Due to the longer duration of peak pressure produced by Superformance™, the post peak/declining port pressure at common carbine and mid-length gas port locations is still higher than that produced by standard propellant. This has a tendency to flood the system with a larger volume of gas, at a higher velocity, that tries to open the bolt of the gun too fast. It’s a timing issue. The cartridge case is still swollen from the application of pressure during firing while the gun is simultaneously trying to extract the cartridge case before it has had an opportunity to settle back to its original size, or more simply: the gun is still in the process or firing while it’s trying to extract the cartridge case.

If the firearm and the ammunition are not in sync, there can be what is commonly identified as “pressure signs” on the cartridge case.
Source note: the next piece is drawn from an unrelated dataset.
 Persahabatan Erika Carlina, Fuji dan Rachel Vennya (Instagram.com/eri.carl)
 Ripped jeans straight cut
This is exhibited by the movement/marring of the head of the cartridge case, cratered primers, flat primers, ripped or ruptured cartridge cases, “popped primers”, and/or any combination of these effects. If any of these “pressure signs” are apparent, stop firing immediately. If an adjustable gas system is installed, it is advisable to reduce the amount of gas flowing through the system by closing the gas port until the gun operates correctly.
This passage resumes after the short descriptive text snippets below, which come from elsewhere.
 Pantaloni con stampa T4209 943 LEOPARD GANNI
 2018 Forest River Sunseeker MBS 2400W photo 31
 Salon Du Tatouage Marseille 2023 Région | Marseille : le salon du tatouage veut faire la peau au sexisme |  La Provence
With the installation of an adjustable gas system, gas pressure can be metered to a point that enough gas is applied to open the bolt, but at a slower rate to allow the cartridge case to return to its original diameter prior to the movement of the bolt, and thus allow for proper extraction.

Pressure VS Gas Port Location

 

Due to the longer duration of peak pressure produced by Superformance™, the post peak/declining pressure at common carbine and mid-length gas port locations is still higher than that produced by standard propellant. However, there is very little difference in port pressure between Superformance™ and standard propellants at the rifle length port location.

Superformance and Suppressors

The use of suppressors on rifles creates yet another dynamic in firearms design that is not commonly understood or communicated. Consider the suppressor on a firearm the same as a muffler on a car. The suppressor works as a filter for the gas (noise) that is escaping the barrel during firing. As a “filter”, it takes longer for the gas to leave the confines of the firearm, and thus, it creates back pressure. This back pressure, ESPECIALLY in a gas operated firearm forces an extensive amount of gas back through the firearm’s operating system that may create too much thrust too early during the firearm’s cycle of operation.

To counteract this back pressure, the use of an adjustable gas system is advised. By metering the gas system to ensure that it will cycle the firearm correctly and not flood the system with gas/pressure, the gun will work properly and will still benefit dramatically from the increased velocity potential of Superformance ammunition.